Debugging is available only when the binary has been compiled with the DEBUG symbol defined. Currently, that is the default, though, so unless you exclicitely disabled it, debugging will be available.

In order to make the contents of the configuration file as independent from the system's directory structure as possible, mapSoN provides a set of environment variables, which are guaranteed to be defined. You can use them anywhere in the data part of a configuration directive, and you can use the usual manipulations on them.

Envirenment variables are looked-up case-sensitive, so $home is not the same thing as $HOME. This behavior is different in the request-for-confirmation template, where you can spell the variables upper- or lower-case as you wish. That's because the variables there are not coming from the environmnet, but are mapSoN's internal variables. So be sure not to confuse that, because an undefined variable in this file will cause mapSoN to abort with an error.

mapSoN will not overwrite already existing variables, though! If your system defines, for example, the $HOME variable, then you'll get the value from the system's variable.

Here is the complete list:

$MAILBOXDIR

This variable contains the complete path of directory, in which the system's mailboxes are located, usually /var/spool/mail. Please note that the value provided here is the one determined at compile-time, so if you changed your system's installation and want to rely on this variable, you'll have to re-compile.

$MTA

This variable contains the path to the systems mail transport agent. Please note, that this is only the path of the executable -- for example /usr/sbin/sendmail --, the variable does not contain the flags that must be passed to the MTA in order to do something useful.

$DATADIR

This variable contains the complete path of the directory, which has been compiled into mapSoN as the directory where read-only architecture-independent data should be stored. You will, for example, find the system-wide request-for-confirmation template file here.

$USER

This variable contains the name of the user under which mapSoN is running. Depending on your MTA, this must not necessarily be the user who is receiving mail!
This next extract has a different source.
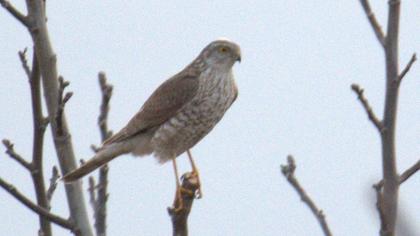 Eurasian Sparrowhawk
If you're using sendmail, though, you're on the secure side.

$HOME

This variable contains the complete path of $USER's home directory.

License

This software is copyrighted by Peter Simons . Permission is granted to use it under the terms of the GNU General Public License. For further details, refer to the file LICENSE included in the software distribution or see http://www.gnu.org/licenses/gpl.html in case that file is missing.

mapSoN uses the "Variable Expression Library", which is included in the distribution for comfort. This library is not part of the mapSoN package and is licensed under the terms described in the file libvarexp/LICENSE. Should that file be missing in your distribution, contact me for a copy.

The MD5 library included in this distribution has been taken from the "GNU C Library" and is licenced under the terms of the GNU Library General Public License. The licence file can be found in the file libmd5/COPYING.LIB.

The getopt() and getopt_long() implementation used my mapSoN in case the routine are not available in the system libraries come from the GNU C Library, too, and are licensed under the terms of the GNU Lesser General Public License, what is effectively just a newer version of the library-licence version. A copy of the license can be found in libgetopt/COPYING.